NOTE: As a rule of thumb, we recommend running each experience for at least 2 weeks before making any decisions based on performance analysis. However, P2BB adjusts automatically with the number of profiles and conversions, and, depending on the traffic an experience receives, statistically significant results may be available sooner.
So funktioniert es
Varianten
A variant is a link from an experience to a Contentful entry. Typically, an experience has at least two variants:
Control – Also known as “baseline” or “holdout,”. It references a Contentful entry with the default or un-personalized version of your content.
Variant 1 – Variants reference the Contentful entries that serve as variants or personalized content .
If you are running an Experiment with multiple variants, you will be presented with more values, accordingly.
Each variant needs a reach of at least 100 profiles and at least one conversion. The reach measures the number of profiles any variant has reached in the given time period.
Konversionsrate oder Konversionswert
Konversionen messen den Erfolg, wie viele Sitzungen oder Nutzer*innen die gegebene Kennzahl im gegebenen Zeitraum erreicht haben. Abhängig von der Kennzahl gibt es zwei Möglichkeiten, wie Konversionen angezeigt werden:
If the metric is a "binary" metric, the conversion rate is evaluated. It displays what percentage of sessions or users have first seen the given experience and then reach the conversion goal.
If the metric tracks a "conversion value", the average value for that conversion is displayed. Sessions or users must first see the given experience and then achieve the conversion goal. For every session or user that has not achieved any conversion goal or only seen the given experience afterwards, the value 0 is added to the overall average.
Verbesserung
The uplift measures the relative lift or drop of the conversion rate or conversion value compared to the control group. It is calculated using Bayesian inference, the industry standard for statistical experiments. Combined with the P2BB, the uplift is a leading measure to derive action items from the analysis.
Reichweite
Reichweite misst die Anzahl der Profile, die eine Variante im gegebenen Zeitraum erreicht hat.
Wahrscheinlichkeit, die Beste zu sein (Variante)
The Probability to Be Best (P2BB) measures the likelihood that the individual variant is the best out of all given variants and is based on Bayesian inference and Monte Carlo simulations. The two contributing factors to this measure are the reach of each variant and the relative uplift. Therefore, the Probability to Be Best is a robust method to make a statistically significant decision for winning variants.
Beispiel
Imagine you run an experiment for a few days. After several days, it has only reached a few hundred users.

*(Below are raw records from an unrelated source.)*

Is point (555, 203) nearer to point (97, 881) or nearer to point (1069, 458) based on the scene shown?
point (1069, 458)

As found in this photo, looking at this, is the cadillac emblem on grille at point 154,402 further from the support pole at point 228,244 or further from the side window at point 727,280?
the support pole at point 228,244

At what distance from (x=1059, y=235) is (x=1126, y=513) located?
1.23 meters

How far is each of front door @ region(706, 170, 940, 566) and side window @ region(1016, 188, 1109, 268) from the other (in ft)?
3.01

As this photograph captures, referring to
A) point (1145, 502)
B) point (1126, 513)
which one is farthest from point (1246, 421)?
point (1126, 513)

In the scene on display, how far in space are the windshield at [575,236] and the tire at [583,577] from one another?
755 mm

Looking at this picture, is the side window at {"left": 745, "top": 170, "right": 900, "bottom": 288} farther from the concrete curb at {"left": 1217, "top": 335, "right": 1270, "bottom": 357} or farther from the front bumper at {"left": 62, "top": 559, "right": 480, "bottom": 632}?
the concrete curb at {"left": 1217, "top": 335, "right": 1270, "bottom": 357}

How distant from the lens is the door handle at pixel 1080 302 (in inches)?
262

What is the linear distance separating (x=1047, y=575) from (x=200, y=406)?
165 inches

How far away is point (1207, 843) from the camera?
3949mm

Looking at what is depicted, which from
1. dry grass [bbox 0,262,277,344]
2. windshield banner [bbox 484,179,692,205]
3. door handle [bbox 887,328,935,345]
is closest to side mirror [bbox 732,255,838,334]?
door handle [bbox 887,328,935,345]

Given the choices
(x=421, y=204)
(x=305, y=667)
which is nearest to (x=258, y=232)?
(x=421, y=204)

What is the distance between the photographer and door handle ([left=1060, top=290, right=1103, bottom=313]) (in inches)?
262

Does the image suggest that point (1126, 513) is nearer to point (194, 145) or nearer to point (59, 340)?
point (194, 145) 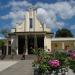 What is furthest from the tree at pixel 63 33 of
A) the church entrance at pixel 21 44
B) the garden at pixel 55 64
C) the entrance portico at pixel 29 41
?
the garden at pixel 55 64

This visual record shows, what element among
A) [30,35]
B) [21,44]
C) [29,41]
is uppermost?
[30,35]

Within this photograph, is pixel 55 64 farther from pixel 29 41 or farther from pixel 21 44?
pixel 21 44

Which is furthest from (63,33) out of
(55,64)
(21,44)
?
(55,64)

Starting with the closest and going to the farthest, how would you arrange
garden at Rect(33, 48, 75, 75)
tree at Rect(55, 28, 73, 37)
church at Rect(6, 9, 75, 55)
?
garden at Rect(33, 48, 75, 75) < church at Rect(6, 9, 75, 55) < tree at Rect(55, 28, 73, 37)

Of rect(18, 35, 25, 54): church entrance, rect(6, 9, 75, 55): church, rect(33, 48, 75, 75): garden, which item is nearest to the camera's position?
rect(33, 48, 75, 75): garden

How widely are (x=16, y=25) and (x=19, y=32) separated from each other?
2063 millimetres

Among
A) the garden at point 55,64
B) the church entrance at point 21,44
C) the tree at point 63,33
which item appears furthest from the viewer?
the tree at point 63,33

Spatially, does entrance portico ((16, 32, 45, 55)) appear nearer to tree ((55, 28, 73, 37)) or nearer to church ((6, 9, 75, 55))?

Now, even if one of your variants shows a high uplift of 50%, the P2BB might still not be significantly high.
Similarly, if your experiment reaches a large number of users but no variant is performing at a much higher rate, the P2BB will not decide on any winner, and the No winner yet state is displayed in the Insights.

Declaring a winning variant
A variant is declared a winner if it has at least one conversion and 100 profile views and a P2BB of 95%. This means that any variant that meets the requirements with a P2BB that is equal or higher than 95% will receive a "winner" tag.
NOTE: The tag is only descriptive. Experience Insights does not take any further action besides highlighting a winner. Depending on whether you are analyzing the performance of an experiment or a personalization, you might derive different action items.
For experiments
If a winning variant has been chosen for an experiment, you might want to:
diese Variante in Ihre neue Basisversion umwandeln.
Use that new variant as a new personalization.
Create a new experiment with yet another variant to keep testing what works best.
For personalizations
If a winning variant has been chosen for a personalization, you might want to:
Den Kontrollgruppen-Prozentsatz verringern.
Add more components to your personalization to increase the uplift even further.
Create an experiment for the same audience to see how you can improve your personalization.